Segment Start: DATA FOR PROCESSING

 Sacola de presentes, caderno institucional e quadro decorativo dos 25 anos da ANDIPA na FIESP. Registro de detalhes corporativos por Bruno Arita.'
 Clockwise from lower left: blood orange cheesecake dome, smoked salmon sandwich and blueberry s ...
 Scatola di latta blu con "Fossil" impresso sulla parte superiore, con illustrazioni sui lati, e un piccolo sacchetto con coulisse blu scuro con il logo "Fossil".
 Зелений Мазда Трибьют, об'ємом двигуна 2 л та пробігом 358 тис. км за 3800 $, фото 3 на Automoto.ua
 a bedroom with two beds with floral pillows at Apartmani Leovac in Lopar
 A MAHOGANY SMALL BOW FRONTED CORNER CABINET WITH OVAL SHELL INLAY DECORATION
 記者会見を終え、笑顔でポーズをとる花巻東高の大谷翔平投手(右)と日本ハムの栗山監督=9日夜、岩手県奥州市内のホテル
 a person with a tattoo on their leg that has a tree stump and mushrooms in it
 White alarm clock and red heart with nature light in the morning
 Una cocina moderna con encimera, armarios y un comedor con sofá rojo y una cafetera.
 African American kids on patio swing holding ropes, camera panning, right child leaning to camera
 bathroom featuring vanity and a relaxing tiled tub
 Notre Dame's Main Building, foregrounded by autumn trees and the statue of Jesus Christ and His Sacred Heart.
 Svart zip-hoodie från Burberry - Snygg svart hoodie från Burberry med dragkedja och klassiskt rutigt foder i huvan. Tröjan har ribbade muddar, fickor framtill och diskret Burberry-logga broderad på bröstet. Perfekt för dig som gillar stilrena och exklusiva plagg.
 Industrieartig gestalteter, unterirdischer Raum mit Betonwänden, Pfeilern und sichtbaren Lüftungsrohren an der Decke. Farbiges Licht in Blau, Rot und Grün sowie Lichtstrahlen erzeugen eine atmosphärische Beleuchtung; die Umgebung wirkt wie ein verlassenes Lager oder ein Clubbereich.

Segment End: DATA FOR PROCESSING
Segment Start: DATA FOR PROCESSING

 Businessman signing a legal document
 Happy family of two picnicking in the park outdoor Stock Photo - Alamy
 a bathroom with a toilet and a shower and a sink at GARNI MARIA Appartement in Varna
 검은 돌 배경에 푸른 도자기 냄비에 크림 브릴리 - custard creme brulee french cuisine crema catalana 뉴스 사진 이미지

Segment End: DATA FOR PROCESSING
Segment Start: DATA FOR PROCESSING

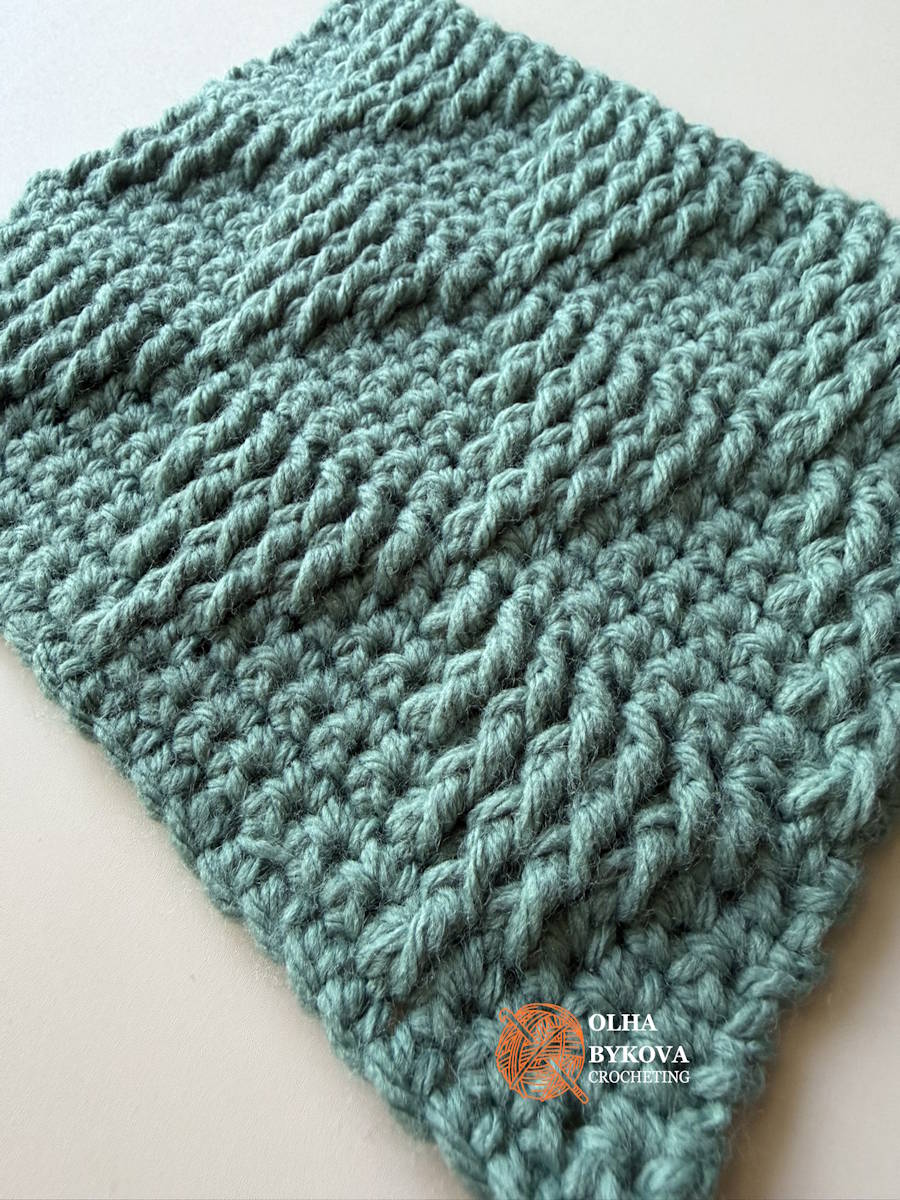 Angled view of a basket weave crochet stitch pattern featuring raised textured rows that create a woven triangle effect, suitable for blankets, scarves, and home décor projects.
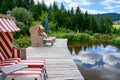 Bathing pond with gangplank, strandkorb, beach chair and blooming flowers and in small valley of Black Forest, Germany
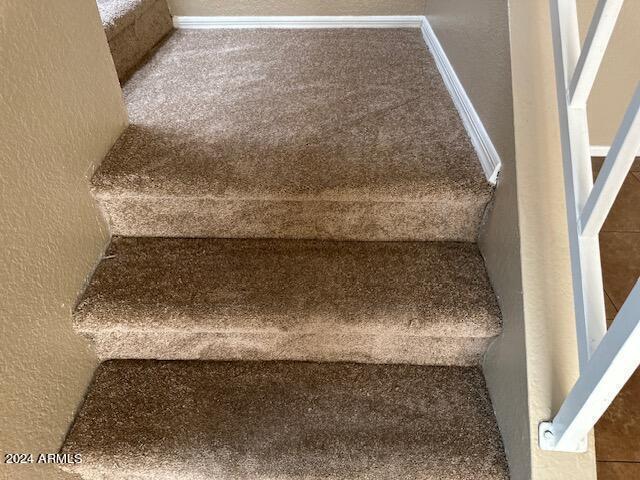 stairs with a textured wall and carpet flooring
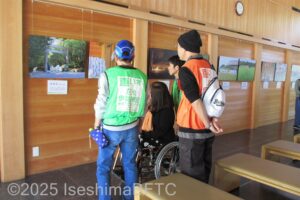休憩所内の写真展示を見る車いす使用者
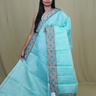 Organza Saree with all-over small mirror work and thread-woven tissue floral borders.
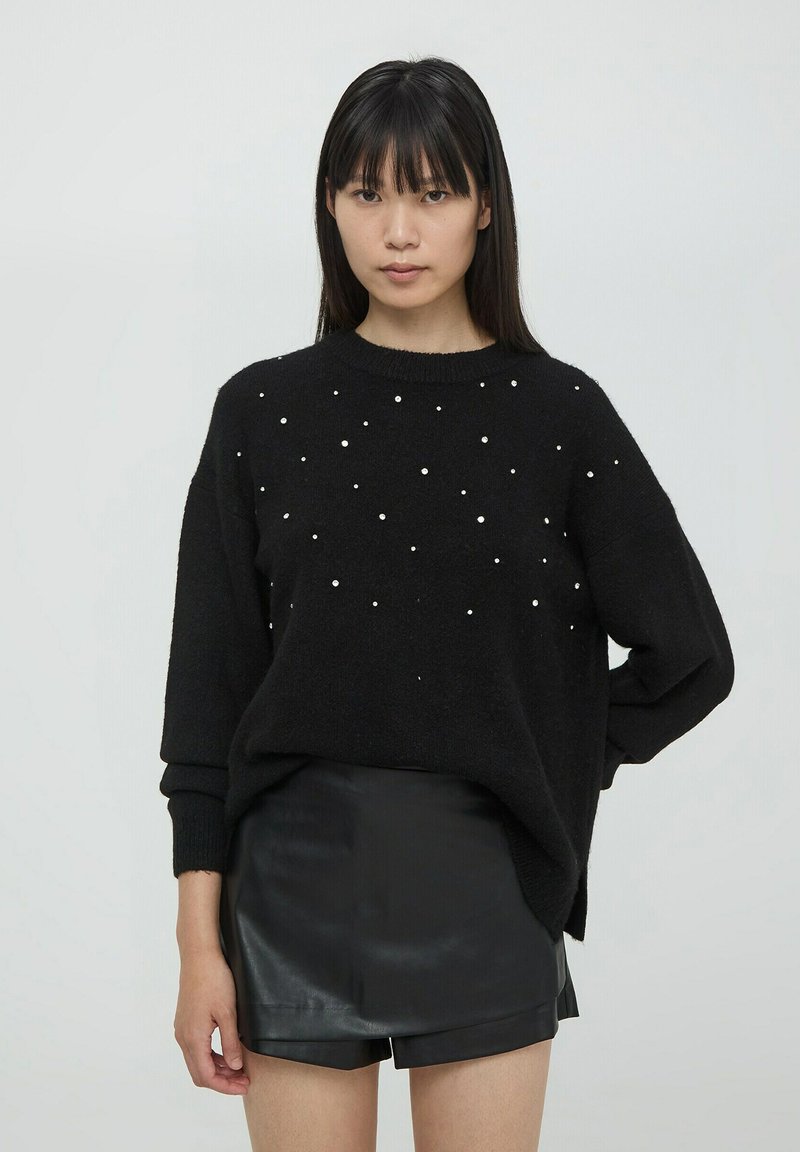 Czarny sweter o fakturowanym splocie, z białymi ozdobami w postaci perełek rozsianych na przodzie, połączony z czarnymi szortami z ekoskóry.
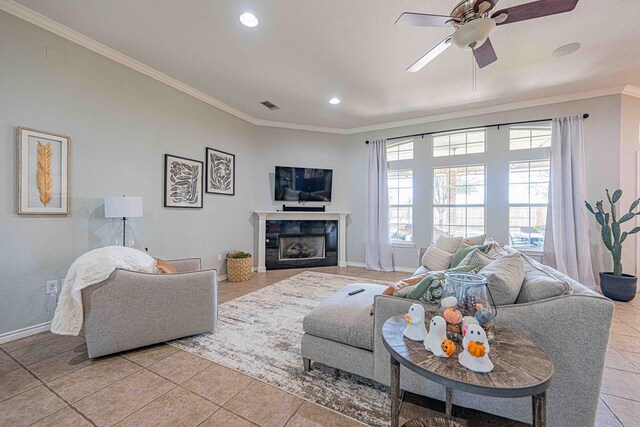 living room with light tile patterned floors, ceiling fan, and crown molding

Segment End: DATA FOR PROCESSING

For this exercise, repeat exactly the lines of the data above from the one with "a bedroom with" down to the one with "Industrieartig gestalteter, unterirdischer", both end lines included.

SOLVED EXERCISE —
 a bedroom with two beds with floral pillows at Apartmani Leovac in Lopar
 A MAHOGANY SMALL BOW FRONTED CORNER CABINET WITH OVAL SHELL INLAY DECORATION
 記者会見を終え、笑顔でポーズをとる花巻東高の大谷翔平投手(右)と日本ハムの栗山監督=9日夜、岩手県奥州市内のホテル
 a person with a tattoo on their leg that has a tree stump and mushrooms in it
 White alarm clock and red heart with nature light in the morning
 Una cocina moderna con encimera, armarios y un comedor con sofá rojo y una cafetera.
 African American kids on patio swing holding ropes, camera panning, right child leaning to camera
 bathroom featuring vanity and a relaxing tiled tub
 Notre Dame's Main Building, foregrounded by autumn trees and the statue of Jesus Christ and His Sacred Heart.
 Svart zip-hoodie från Burberry - Snygg svart hoodie från Burberry med dragkedja och klassiskt rutigt foder i huvan. Tröjan har ribbade muddar, fickor framtill och diskret Burberry-logga broderad på bröstet. Perfekt för dig som gillar stilrena och exklusiva plagg.
 Industrieartig gestalteter, unterirdischer Raum mit Betonwänden, Pfeilern und sichtbaren Lüftungsrohren an der Decke. Farbiges Licht in Blau, Rot und Grün sowie Lichtstrahlen erzeugen eine atmosphärische Beleuchtung; die Umgebung wirkt wie ein verlassenes Lager oder ein Clubbereich.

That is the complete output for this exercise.